### RECORDS PROVIDED
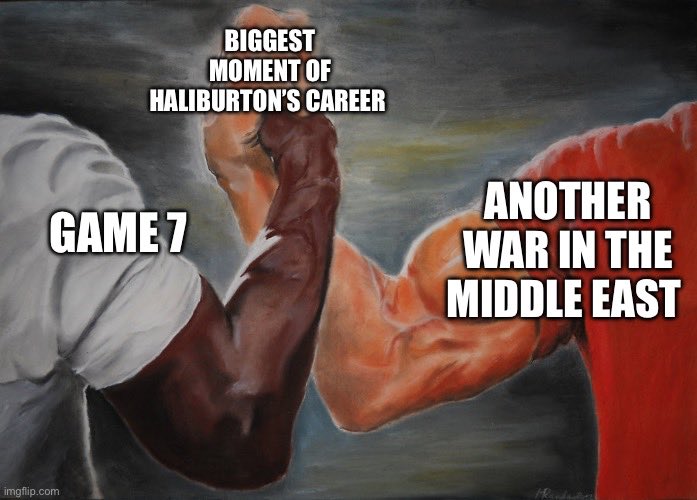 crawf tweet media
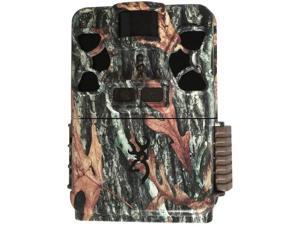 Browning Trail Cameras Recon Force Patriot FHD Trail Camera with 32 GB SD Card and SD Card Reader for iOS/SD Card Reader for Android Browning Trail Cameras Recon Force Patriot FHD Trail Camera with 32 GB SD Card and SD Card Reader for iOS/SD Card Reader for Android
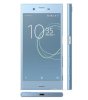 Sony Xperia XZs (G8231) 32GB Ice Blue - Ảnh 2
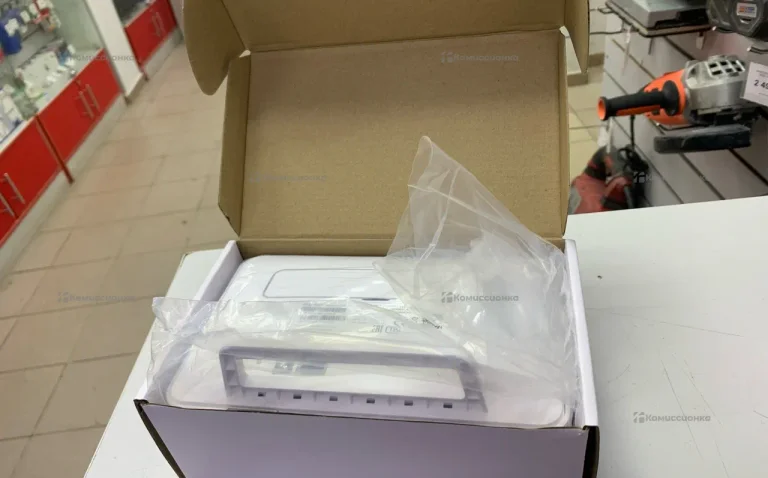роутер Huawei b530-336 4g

--

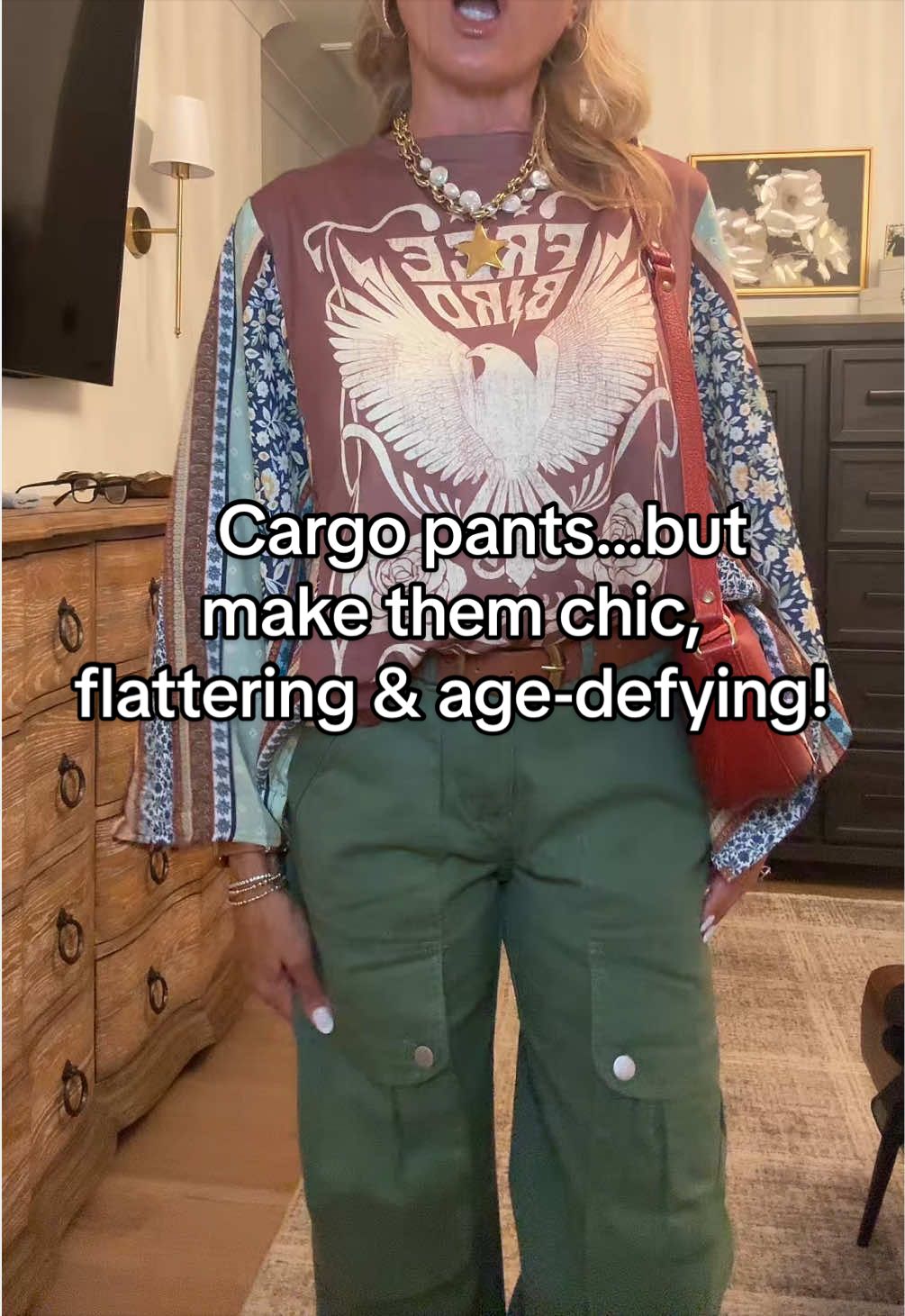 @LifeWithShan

### DIRECTIONS
In the data above, take the line with "Sony Xperia XZs", the line with "роутер Huawei b530-336 4g", and every line between, and set them down exactly without pictures.

### EXERCISE RESPONSE
 Sony Xperia XZs (G8231) 32GB Ice Blue - Ảnh 2
роутер Huawei b530-336 4g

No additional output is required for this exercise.